Jessica Valenti doesn’t understand the Streisand Effect

July 1, 2011

By J. DeVoy

Imagine if there was an online database of killers, child abusers, bigots, rapists and liars – and they were all women.  Now there is!  Register-Her.com, a project started by Paul Elam, a men’s rights activist and contributor to The Spearhead, uses a wiki-style webpage to consolidate locally and nationally reported facts about women whose documented wrongs range from murder to false rape accusations. [Disclaimer: Like Elam, I also contribute to The Spearhead.]  This is SRS BUSINESS.

One of the first additions to the site as a “bigot” is feministing’s own Jessica Valenti.  Merriam-Webster defines a bigot as “a person who is obstinately or intolerantly devoted to his or her own opinions and prejudices; especially : one who regards or treats the members of a group (as a racial or ethnic group) with hatred and intolerance.”  Without dignifying Valenti’s oeuvre with my attention, this sounds accurate.

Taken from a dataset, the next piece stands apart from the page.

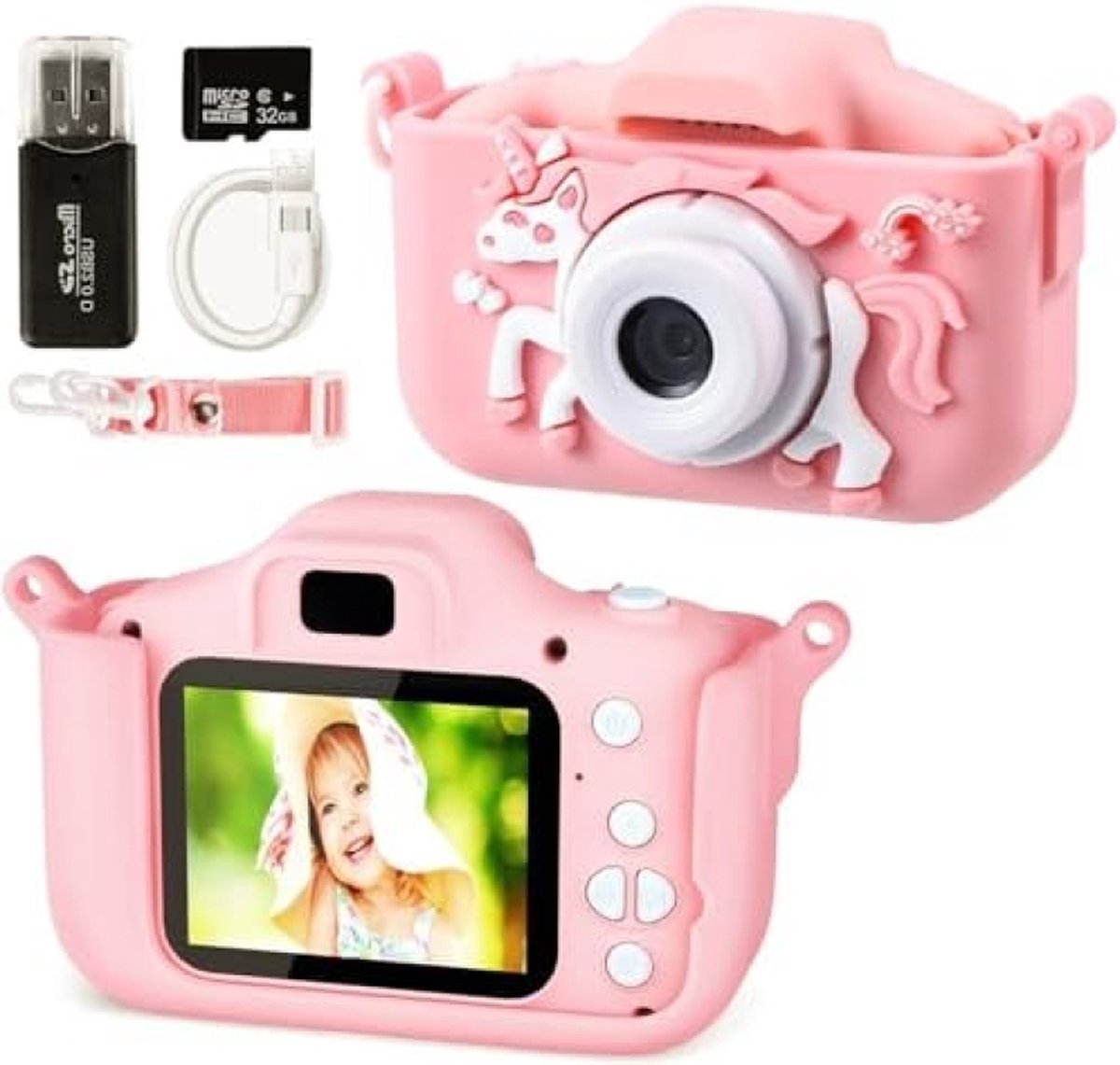 Kindercamera, 1080p, 2,0 inch beeldscherm, camera voor kinderen, met 32 GB SD-kaart, digitale selfiecamera, kinderfototoestel voor kinderen van 3-12 jaar, jongens en meisjes, kerstspeelgoed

If a tree falls in the woods, does anyone hear it?  If Jessica Valenti didn’t shriek like a harpy about “misogyny,” would so many others know about Register-Her.com?  Rather than letting this roll off her back with the cool disposition of an empowered, independent blah blah blah… woman, she posted this YouTube (which, admittedly, I have not watched to completion).

Result: More people know about the site.  Also, male advocates are increasingly stepping out of anonymity, contrary to Valenti’s assertions.  Paul Elam’s real name is… Paul Elam!  My name and identity are well known, and I’m on the record opposing anonymity in advocating men’s issues and any other controversial position  — though I understand and respect why others employ it.  Crime & Federalism offers a counterpoint on the issue here.  I rather enjoy this and, as far as I know, the “basement-dwelling virgin” meme has never been attached to me.  In fact, the biggest critics of women I’ve met are people among the best looking and most successful with women that I know.  In contrast, the basement-confined and virginal types tend to supplicate women and resent men who are successful with women, turning on them for the smallest of reasons (like in the case of Dominique Strauss-Kahn — come on, “forced” oral sex wasn’t a red flag of falsity?).

Just like when Barbara Steisand’s shrill howls – and not even her singing – drew attention to photos of her Pacific mansion online, Jessica Valenti’s plaintive whines drive more eyes to the site.  If she had just shut up, the damage would have been limited mostly to the men who would have found the site anyway – preaching to the choir.  Realizing that the damage was done, Valenti is now trying to scrub the internet of any trace of her existence, seeking the anonymity she criticizes men for using to voice their opinions.  I hope Reputation Defender is still in business!

But enough about a bitter, angry shrew who has to live not only with herself, but also a younger, neckbeard beta husband.  The new site itself, Register-Her.com, is a more worthy topic of discussion.

Is it fair for Register-Her.com to exist?  The Atlantic tells us that it’s the “End of Men.”  Women already kvetch and attack men’s reputations on Don’t Date Him Girl.  There’s no need for free speech to be “fair,” since its mere availability levels the playing field.  This new website fills a void in beating back the myth of intrinsic female virtue, though.  I clicked around to see what the site was about and found that each article is a recitation of sourced, cited and publicly available information.  In some cases, the women profiled in the articles are described in their very own words.  While the site was designed to be provocative, it was not created with the intent to hurt those named within it for the sheer purpose of inflicting pain.  Plus, there are limitations of liability inherent in the site’s design and operation.  Section 230 protects the site’s owner from liability for content posted by others.  To the extent others’ content may wind up on the site, such as a mugshot or screen capture, they tend to be government works – which are not subject to copyright – or tiny snippets of news articles that are almost certain to constitute fair use — assuming the articles’ factual elements can even be copyrighted.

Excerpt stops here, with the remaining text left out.